# nipple and edge



## MissKristy (Dec 1, 2007)

Went to nipple and edge sunday caught one wahoo and missed one hooked the first fish within ten minites od lines in scattered grass and not many flyers hopefully purpleandgold will post pics


----------



## PurpleNGold (Mar 15, 2011)




----------



## Chris V (Oct 18, 2007)

Nice fish. Any debris out there?


----------



## MissKristy (Dec 1, 2007)

No there was hardley anything out there.


----------



## Lexcore (May 5, 2012)

Nice :yes: the water look great!:yes::thumbsup: Good fishing report thank you:thumbup:


----------



## MSViking (Oct 11, 2007)

Nice wahoo, this is certainly shaping up to be the summer of the wahoo!


----------



## samoajoe (Dec 28, 2010)

Ol sizza lips showed up, too bad you missed the other one.
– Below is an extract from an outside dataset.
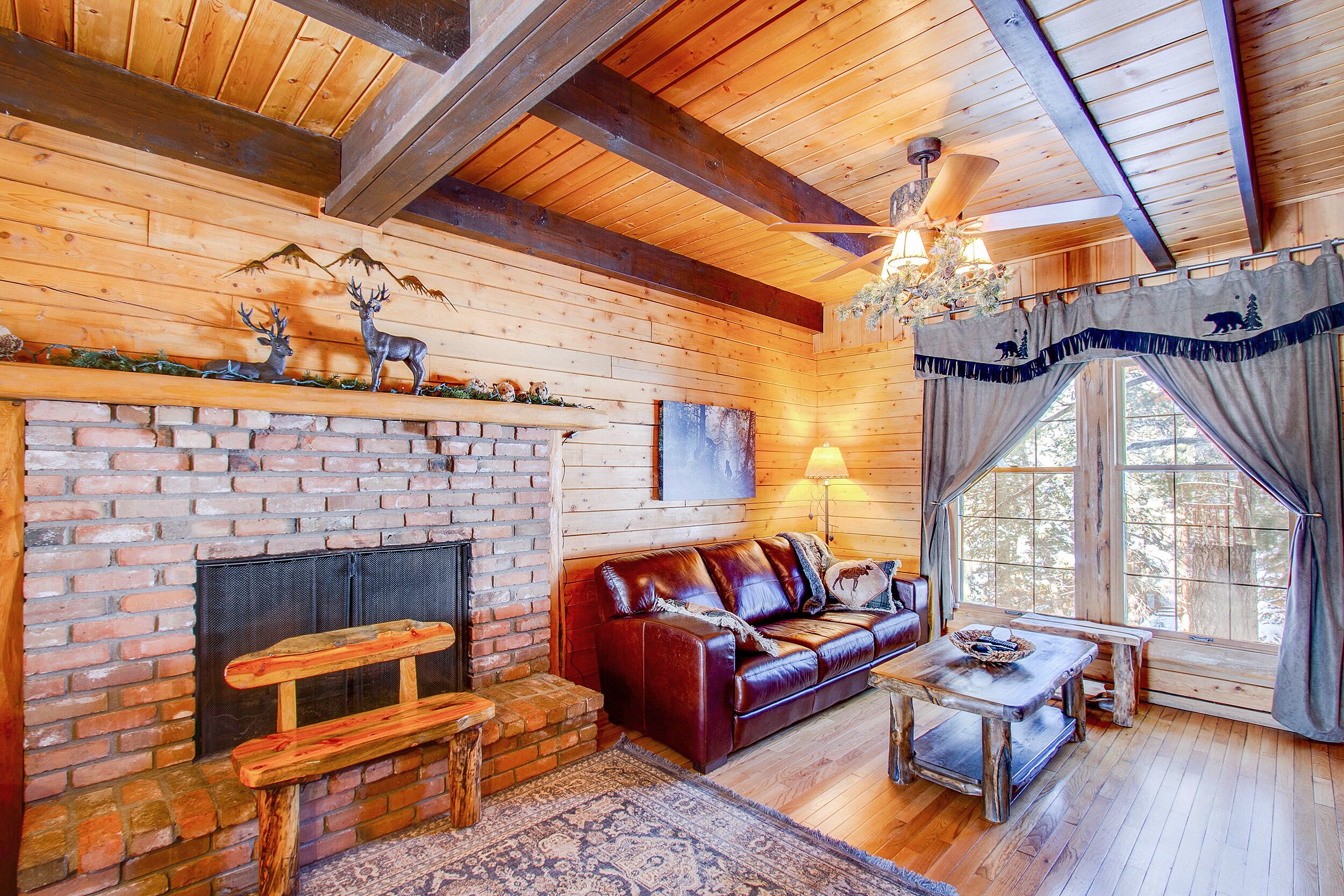 Beautiful Log Cabin with spectacular views of Pike's Peak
Did anything else end up in the cooler?


----------



## MissKristy (Dec 1, 2007)

No that was it tried bottom fishing for a while bit notging but snapper


----------



## PurpleNGold (Mar 15, 2011)

A few more random pics.


----------



## Bill Me (Oct 5, 2007)

Yee Ha!


----------



## samoajoe (Dec 28, 2010)

Yozuri Bonita doin' work


----------